Leave the pictures out. Retype exactly the lines below from the one containing "Volkswagen Vento 1.6 high line petrol mt" through the one containing "Wyndham Chamberlain Sd", and no others.

Start of Block

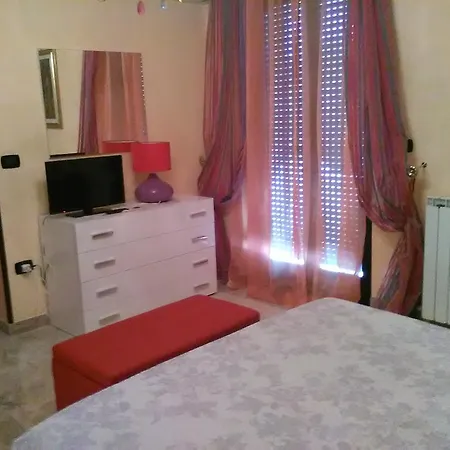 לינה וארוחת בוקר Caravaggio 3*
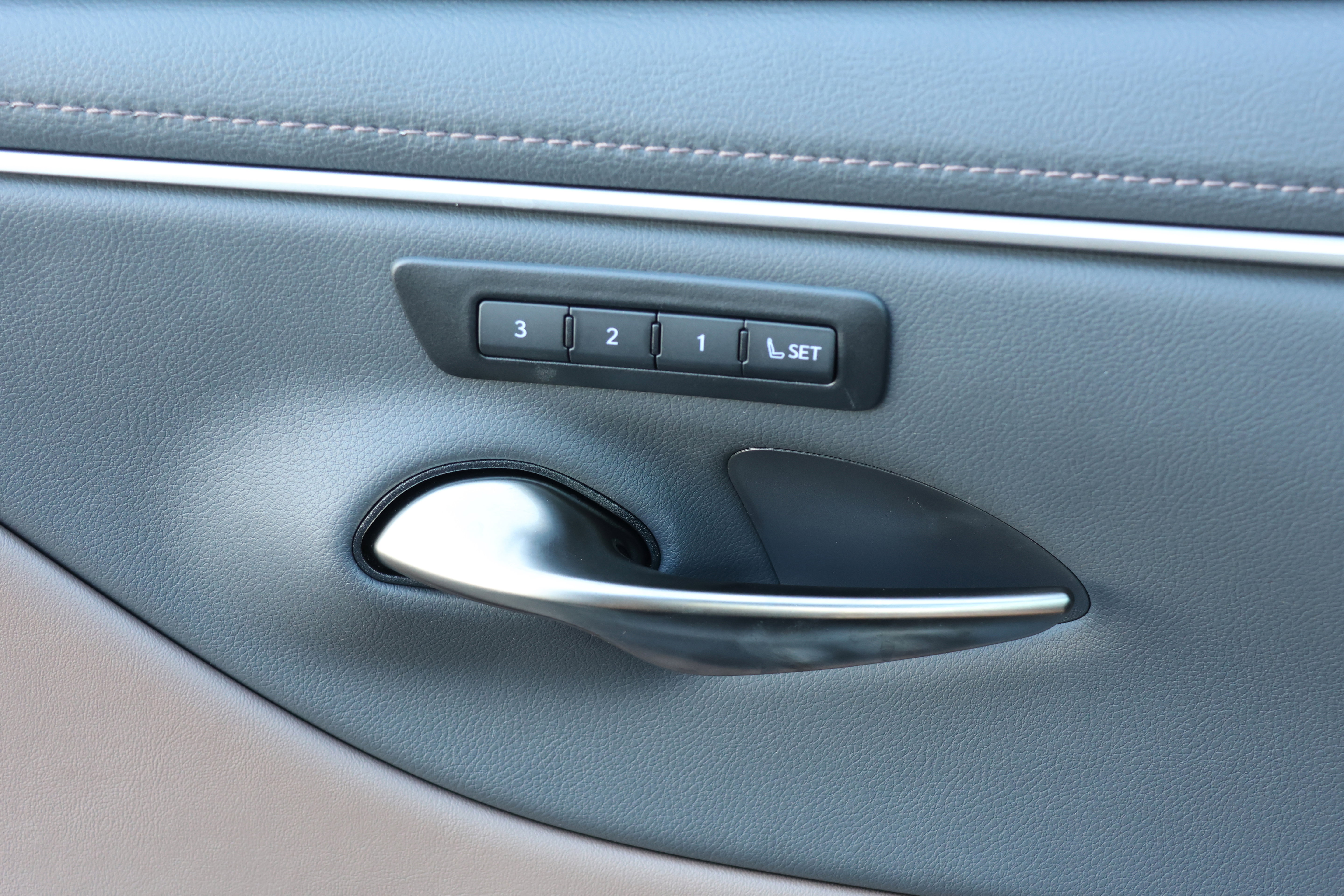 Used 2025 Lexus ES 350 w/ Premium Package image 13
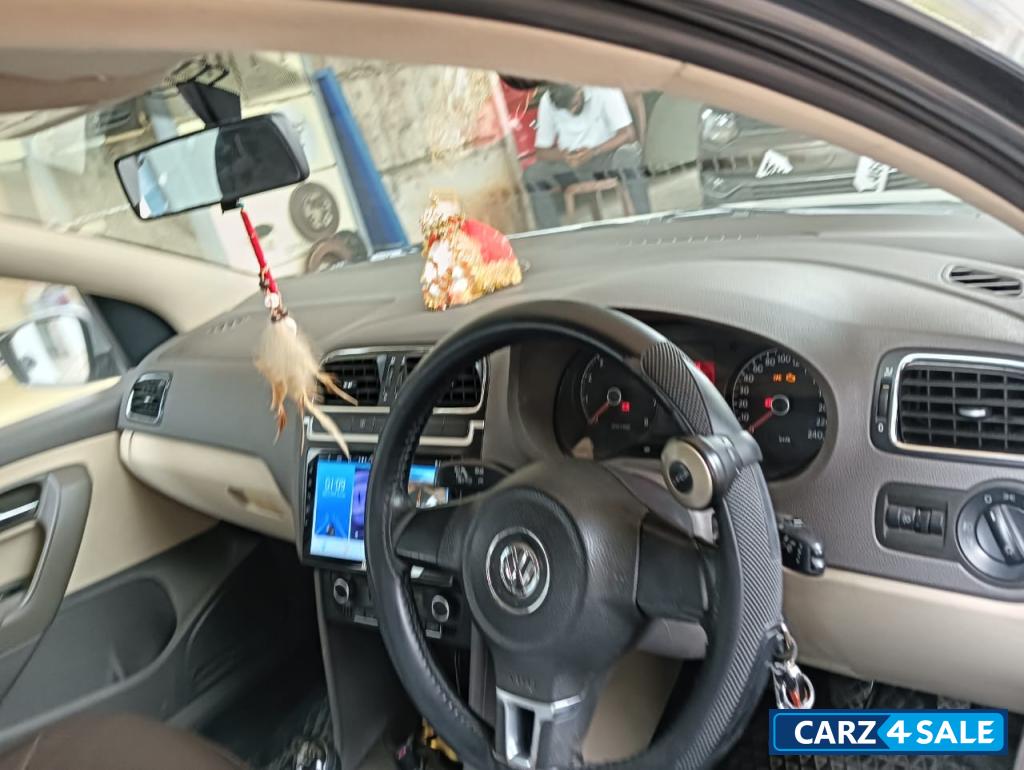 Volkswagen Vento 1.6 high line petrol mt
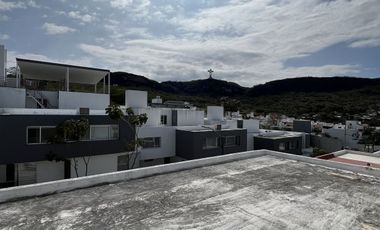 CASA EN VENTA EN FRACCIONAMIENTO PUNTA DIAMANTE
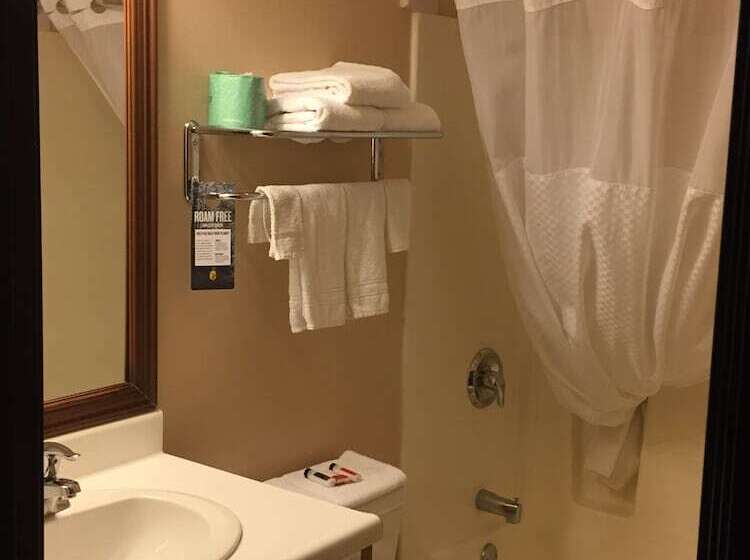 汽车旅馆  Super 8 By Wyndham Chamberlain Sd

End of Block
Start of Block

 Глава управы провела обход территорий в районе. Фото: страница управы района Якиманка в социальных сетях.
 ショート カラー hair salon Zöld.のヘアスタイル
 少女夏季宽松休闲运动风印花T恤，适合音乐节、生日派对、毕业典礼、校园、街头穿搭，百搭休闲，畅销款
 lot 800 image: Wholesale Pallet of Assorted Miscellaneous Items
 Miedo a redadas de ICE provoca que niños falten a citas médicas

End of Block

▶ Response area:
 Volkswagen Vento 1.6 high line petrol mt
 CASA EN VENTA EN FRACCIONAMIENTO PUNTA DIAMANTE
 汽车旅馆  Super 8 By Wyndham Chamberlain Sd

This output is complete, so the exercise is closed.